More to the point, is the only option for an increasingly rich India a future of increasingly bland consumer environments and the decline of the vitality of the street? And is that just a patronising Western perspective on the inevitable changes taking place in a country that rightly wants a chance to experience the kind of living standards I've been able to take for granted?


Anna Jo Kap said...

the walking dead hindu edition ? lol
cant wait to live my own experiences of life in New Delhi
Few days left!

Ashima Jain said...


I disagree with your point that malls lead to an inevitable segregation based on economic status. In fact, if you look at the concept of commercialization in general from a very primary perspective, you'll realize that instead of promoting exclusivity (as you mentioned), it is helping tremendously in bridging gaps between different strata's of society. Jobs (which given the economy aren't in plenty) and thus any development which helps in the creating more jobs will always be welcome, especially in a developing country of India.

Have a good day!

Cloud-Seven said...

"If, of course, you have the money to afford it. Indian malls have tight security, and routinely turn people away if they look like they can't afford to shop there (which, of course, the vast majority of Indians can't)."

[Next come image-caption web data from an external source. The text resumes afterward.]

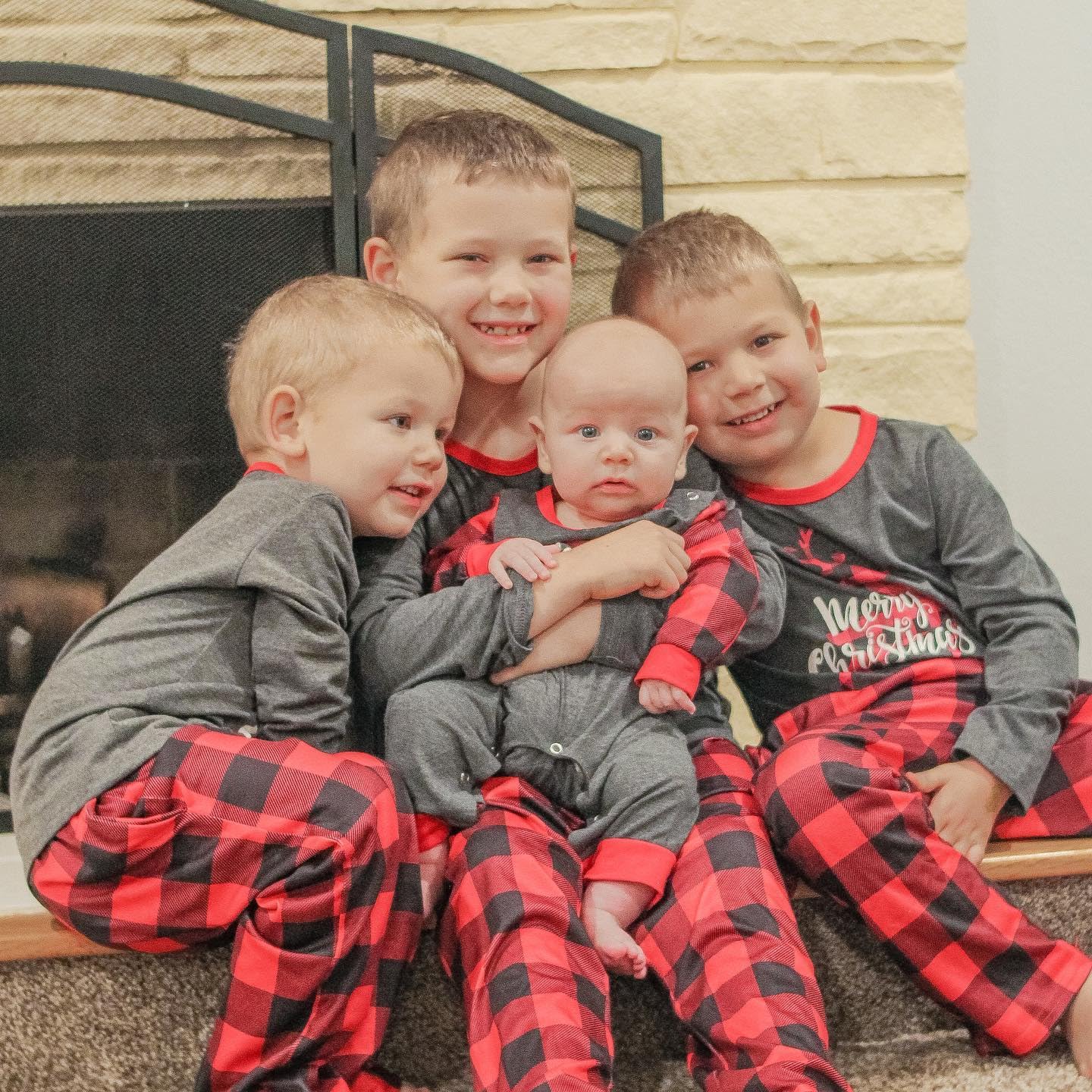 Iffei Matching Family Pajamas Sets Christmas Pj 'S Sleepwear Merry Christmas Reindeer With Plaid Bottom With Pocket 3-4 Years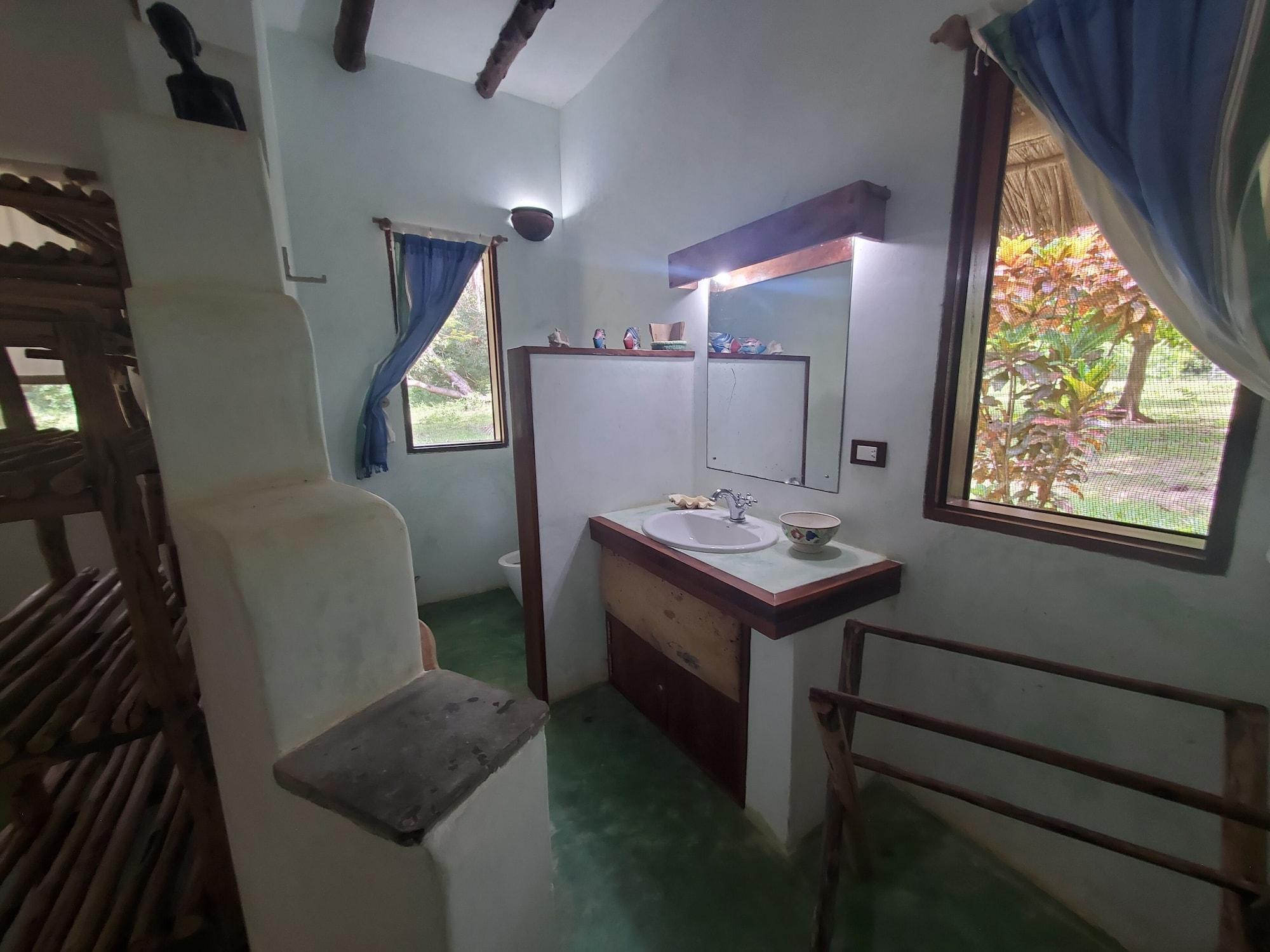 Equipamiento de Habitación Eco Shamba Kilole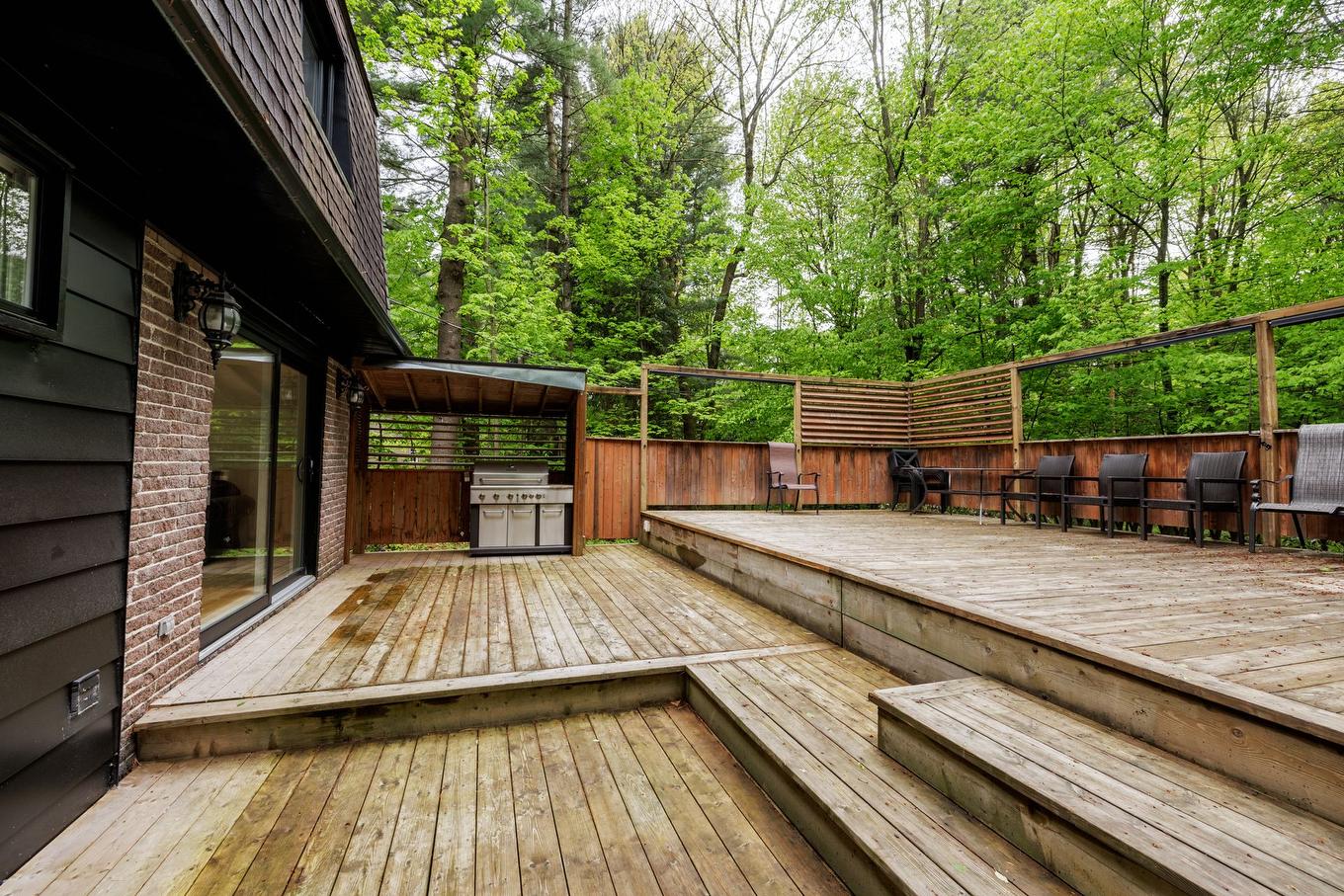 Patio - 2404 Place Jubilee, Saint-Lazare, QC - Outdoor With Exterior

This is very unusual that I have not seen yet anywhere in India.

I have really not experienced something like this. In fact most of the malls in NCR or India are frequented by people who really don't buy anything at mall and they are just normal average Indians. So I think there is no mall where anyone could turn anyone just because guard think that they can't buy ant thing there.

However in Middle east, this is norm for guards to prevent south asian singles to enter in mall at weekends.